All Publications


  • Identification of Covalent Cyclic Peptide Inhibitors Targeting Protein-Protein Interactions Using Phage Display. bioRxiv : the preprint server for biology Wang, S., Faucher, F. F., Bertolini, M., Kim, H., Yu, B., Cao, L., Roeltgen, K., Lovell, S., Shanker, V., Boyd, S. D., Wang, L., Bartenschlager, R., Bogyo, M. 2024

    Abstract

    Peptide macrocycles are promising therapeutics for a variety of disease indications due to their overall metabolic stability and potential to make highly selective binding interactions with targets. Recent advances in covalent macrocycle peptide discovery, driven by phage and mRNA display methods, have enabled the rapid identification of highly potent and selective molecules from large libraires of diverse macrocycles.

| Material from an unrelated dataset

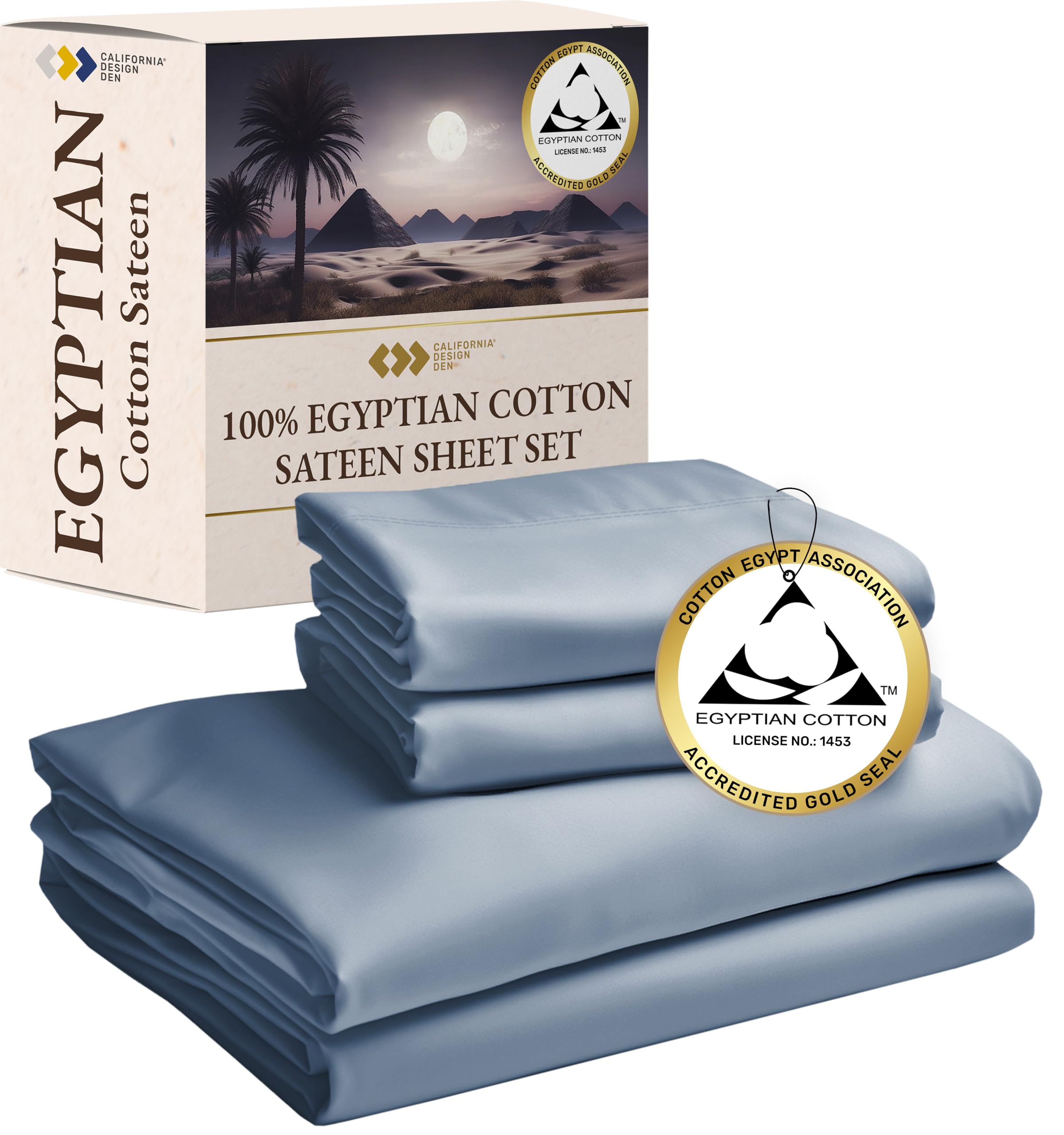 California Design Den Certified Luxury 100% Egyptian Cotton Sheets, King Size Bed Sheets, Deep Pocket Sateen Cooling Sheets For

However, there are currently limited examples of macrocycles that can be used to disrupt protein-protein interactions and even fewer examples that function by formation of a covalent bond to a target protein. In this work, we describe a directed counter-selection method that enables identification of covalent macrocyclic ligands targeting a protein-protein interaction using a phage display screening platform. This method utilizes binary and ternary screenings of a chemically modified phage display library, employing the stable and weakly reactive aryl fluorosulfate electrophile. We demonstrate the utility of this approach using the SARS-CoV-2 Spike-ACE2 protein-protein interaction and identify multiple covalent macrocyclic inhibitors that disrupt this interaction. The resulting compounds displayed antiviral activity against live virus that was irreversible after washout due to the covalent binding mechanism. These results highlight the potential of this screening platform for developing covalent macrocyclic drugs that disrupt protein-protein interactions with long lasting effects.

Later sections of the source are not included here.